Bétatron em exposição na Estação Ciência da USP

Acelerador Linear (MARK II)

Em 1962 o Prof. José Goldemberg estava na Universidade de Stanford nos E.U.A., trabalhando com o acelerador linear de elétrons MARK II, de 40 MeV, no estudo do espalhamento de elétrons. 
Com a obtenção de medidas pioneiras para o limite superior do momento de dipolo do elétron  utilizando técnicas de retro-espalhamento, o Prof. Goldemberg ganhou notoriedade entre seus companheiros do Stanford Linear Accelerator Center.
Com a previsão de retorno ao Brasil em 1965, o grupo em que o Prof. Goldemberg trabalhara seria dissolvido. Assim, o então diretor do laboratório, Dr. Walter C. Barber, ofereceu o MARK II ao Prof. Goldemberg, pois com a entrada em operação do acelerador MARK III, de aproximadamente 1 GeV, o antigo MARK II ficara relativamente ocioso e não mais atendia aos interesses daquele grupo [6, 7, 8]. Naquela época o MARK II já havia sofrido uma série de atualizações, possuindo agora duas estruturas aceleradoras e energia máxima de 75 MeV. 
Em 12 de março de 1968, o MARK II chegou ao porto de Santos, a bordo do navio cargueiro Cabo Frio. O acelerador estava desmontado e acondicionado em 20 caixas, pesando ao todo 13 toneladas. Foram necessários quatro caminhões para trazê-lo até a USP [9].
Para abrigar este acelerador foi necessário construir um novo prédio (ao lado do prédio do Bétatron) capaz de conter a elevada radiação produzida. Esse prédio foi construído pelo Fundo de Construção da Universidade São Paulo (Fundusp) utilizando recursos conseguidos com a venda da areia retirada para a construção da Raia Olímpica da USP [6].
Em 1969, após a construção do prédio, o MARK II, agora conhecido apenas como Acelerador Linear começou a ser montado pelos professores Jiro Takahashi, Yamato Miyao, José R. Moreira e equipe. Embora a Universidade de Stanford tenha doado a maior parte do acelerador (estruturas aceleradoras, moduladores, e eletroímãs focalizadores), diversas partes precisaram ser construídas aqui e outras substituídas devido ao mau funcionamento. As válvulas klystrons (amplificadoras de microondas) foram compradas da empresa RCA. O primeiro canhão de elétrons deste acelerador foi fabricado pelo Prof. Argus Moreira  (CBPF-RJ) [9].
Muitos problemas foram encontrados para o ajuste dos moduladores e consequente injeção de microonda nas estruturas.  Mesmo quando estes problemas foram sanados, o acelerador ainda não produzia feixe. Nesta época o Prof. Robert Hofstadter, prêmio Nobel de física, da Universidade de Stanford, que participava de uma conferência, visitou as instalações do acelerador. Após tomar conhecimento dos vários problemas, o Prof. Hofstadter convidou o Prof. Jiro Takahashi e Prof. José R. Moreira para uma visita às instalações de Stanford. Após algumas semanas nos E.U.A. e com o "know how" adquirido, os problemas puderam ser sanados e em 1971 o Acelerador Linear produziu o primeiro feixe de elétrons [10].

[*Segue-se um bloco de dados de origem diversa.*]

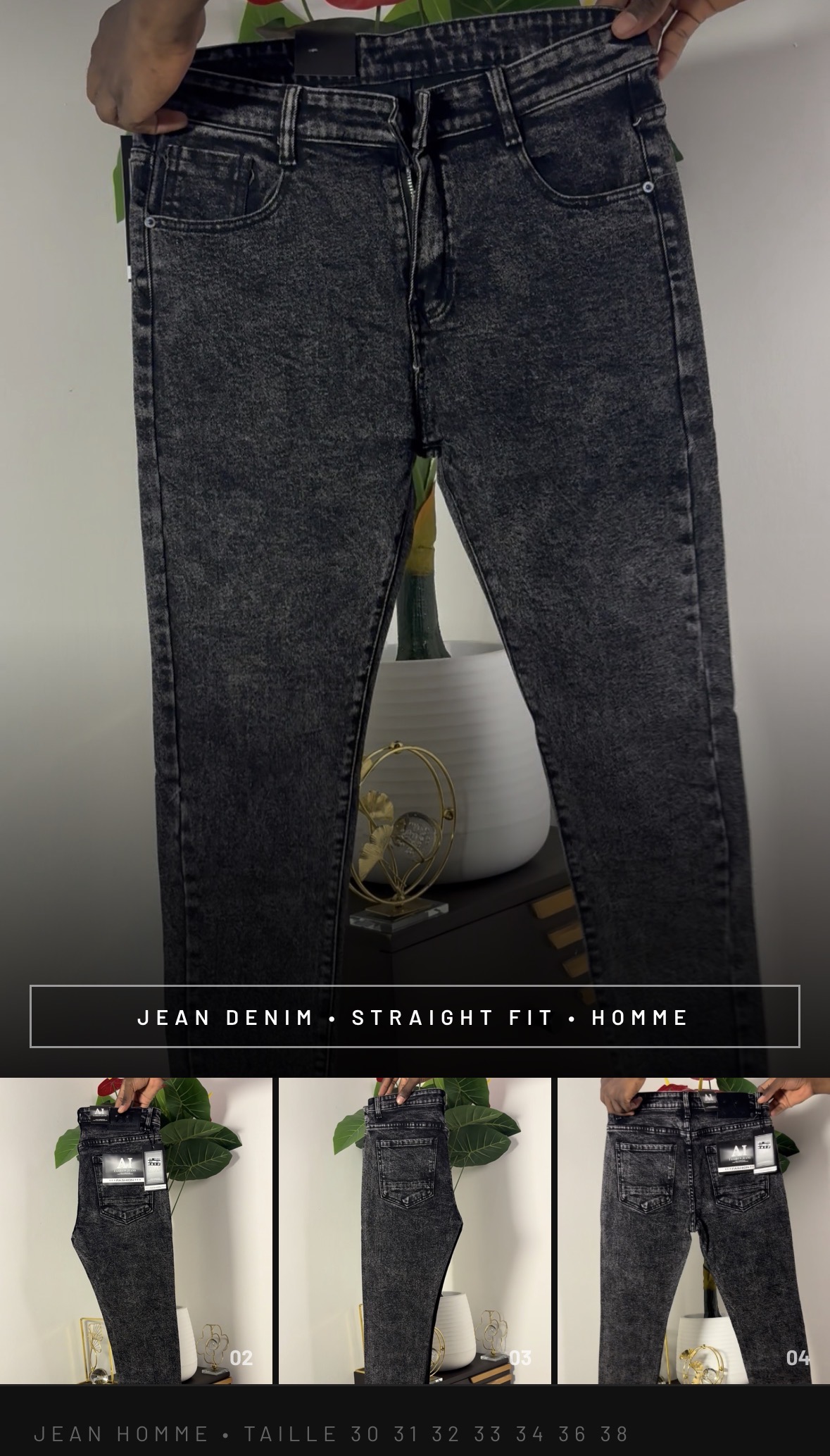 Jean Prestige Gris Chiné – Image 2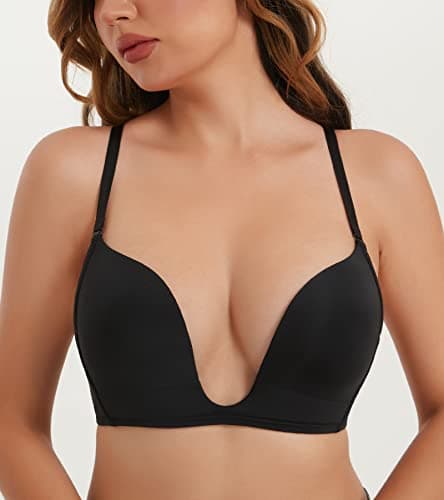 Women's Plunge Push-up Bra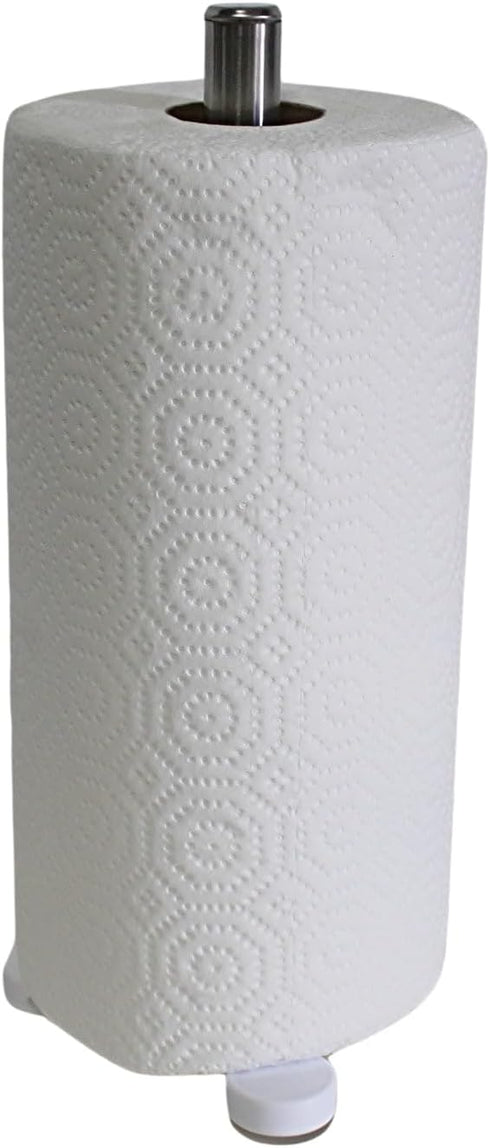 Stainless Steel Suction Cup Paper Towel Holder, Kitchen Bathroom Spare Toilet Paper Holder with Non-Slip Grip Base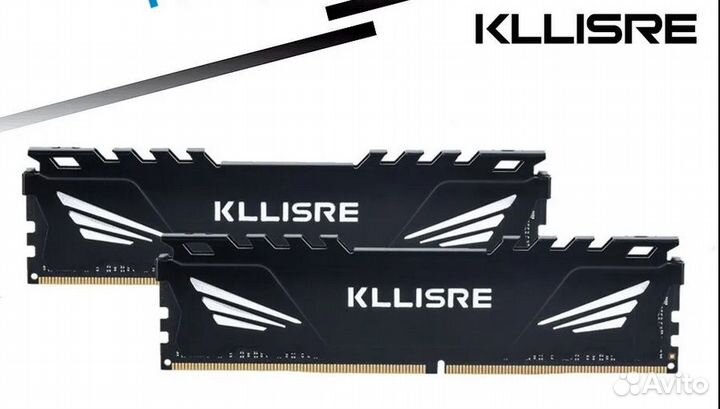 Память DDR4 16Gb 2666 3200 Kllisre Black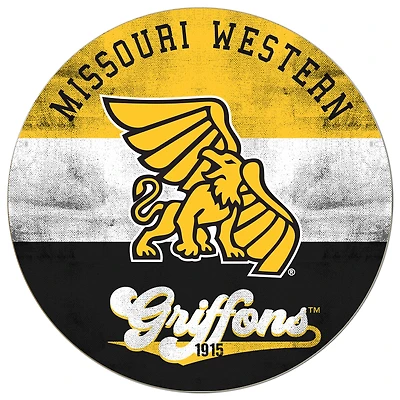 Missouri Western State Griffons 20'' x 20'' Retro Logo Circle Sign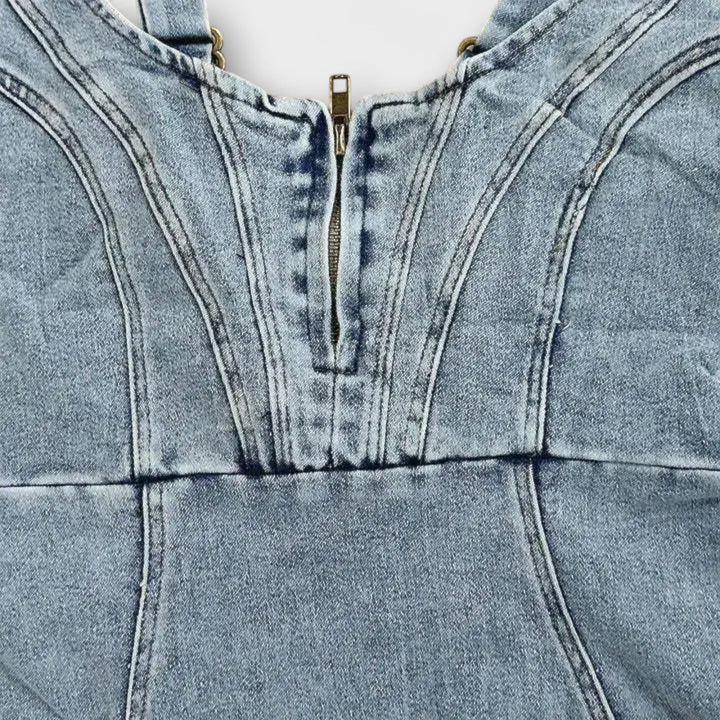 Anna | Jeanskleid mit verstellbaren Trägern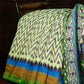 Half-White Colour With Wave Design Semi Chanderi Saree By Gayathri Reddy Designer Studio | Swadesiicart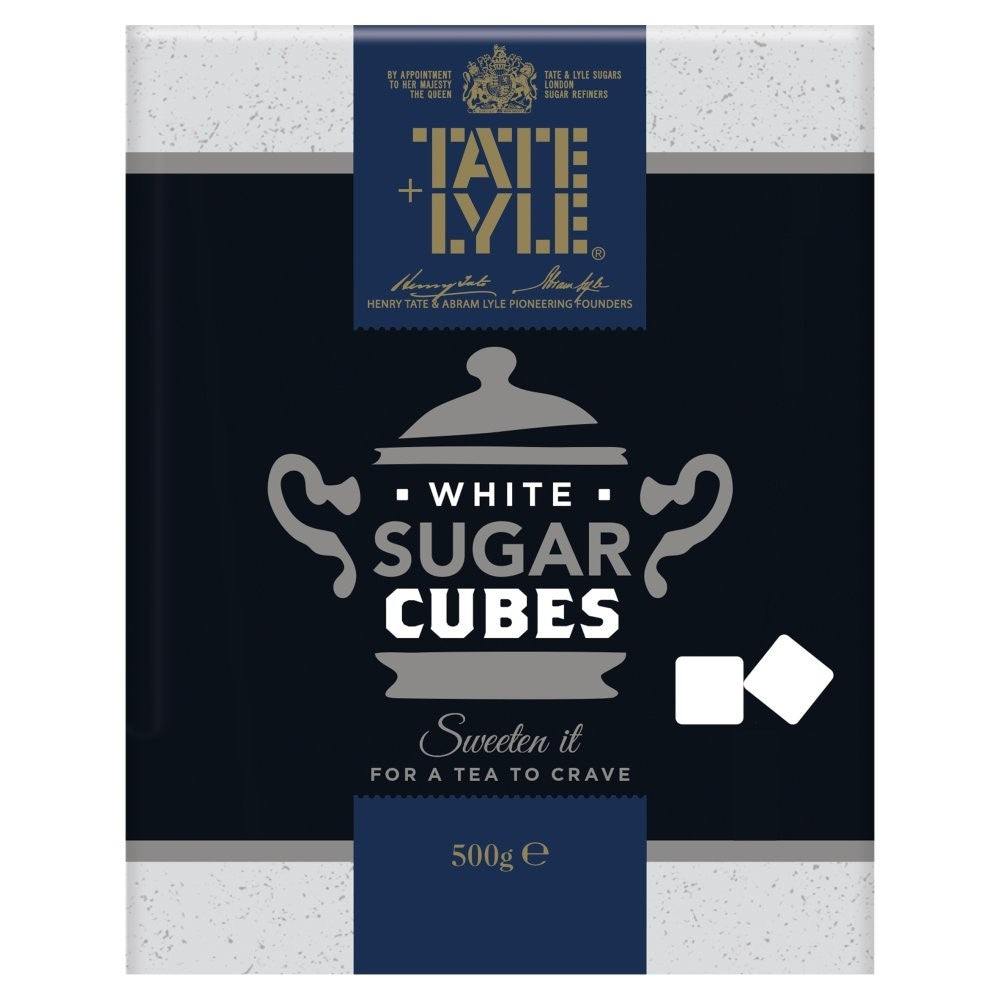 10x 500g Sugar Cubes Tate & Lyle White Fairtrade Pure Cane Sugar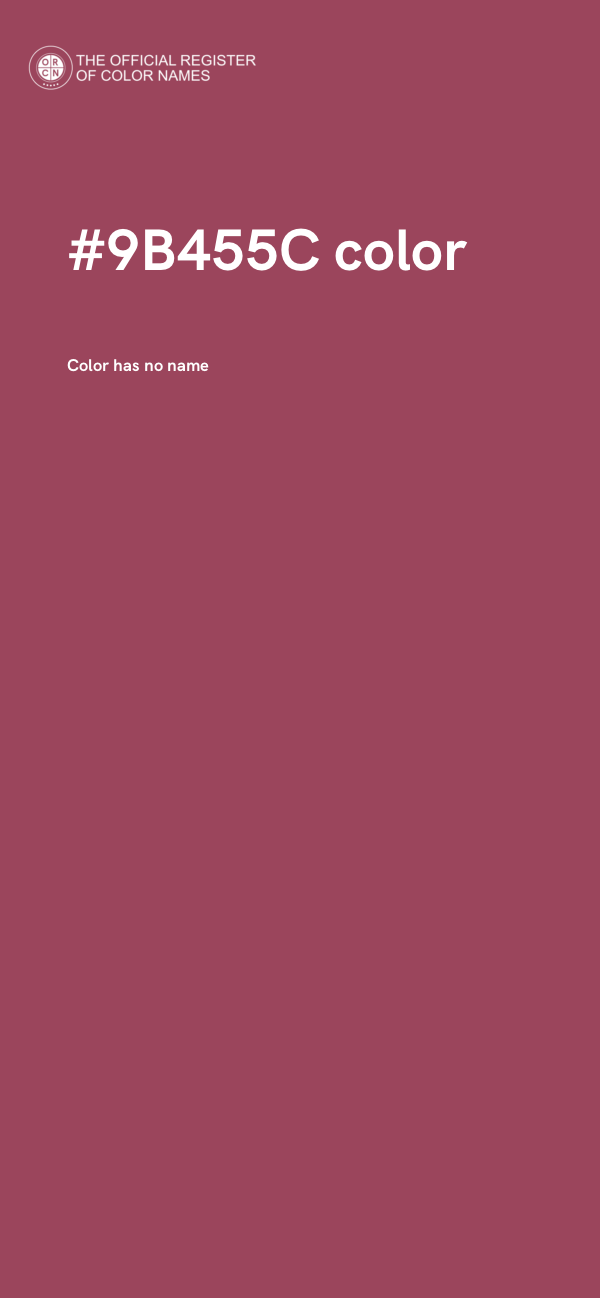 #9B455C color image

Acelerador Linear, visto a partir do canhão de elétrons

Acelerador Linear, visto a partir da segunda estrutura aceleradora

O Acelerador Linear funcionou até 1993 e conseguiu produzir um feixe de elétrons analisado (com boa discriminação de energia) da ordem de 70 MeV e corrente de 0.5 mA. 
Pode-se destacar o seu uso para estudos em espectroscopia nuclear, ressonancias gigantes fotonucleares e fissão nuclear.
Após sua desmontagem, várias partes do Acelerador Linear foram doadas, como por exemplo para o Laboratório Nacional de Luz Sincrotron (LNLS), como parte de seu acelerador injetor e em uma estação de testes de microondas.


Equipe de operação e manutenção do Acelerador Linear
Da esquerda para direita: Antônio F. dos Reis, José Carlos A. Alcon, Juarez Arruda, Francisco T. Degasperi, Antônio Carlos Tromba, Marcelo M. Lucena.

Referências

1. SCHWARTZMAN, S. A Space for Science - The Development of The Scientific Community in Brazil. The Pennsylvania State University Press, 1991, cap. 6. Disponível em www.schwartzman.org.br/simon/space/chapter6.htm.
2. SANTOS, M.D.S. Entrevista realizada em São Paulo, 28 de Agosto de 2003.
3. Folha da Manhã. São Paulo, 26 de Janeiro de 1949, 1o caderno, p.3.
4. Folha da Manhã. São Paulo, 30 de Novembro de 1948, caderno único.
5. SANTOS, M.D.S. Controle de energia para aceleradores a indução magnética. 1953. Tese (Provimento de Cátedra) – Instituto de Física da USP.
6. GOLDEMBERG, J. Entrevista realizada em São Paulo, 22 de Maio de 2003.
7. GINZTON, E.L. An Informal History of Slac – Part one: Early Accelerator Work at Stanford. SLAC Beam Line, special issue, n. 2 April 1983.
8. The Stanford Daily. Stanford, CA, vol. 153, n.9, fevereiro de 1968, p. 6.
9. Folha de São Paulo. São Paulo, 27 março de 1968, primeiro caderno, p.12.
10. TAKAHASHI, J. Entrevista realizada em São Paulo, 1 de Junho de 2003.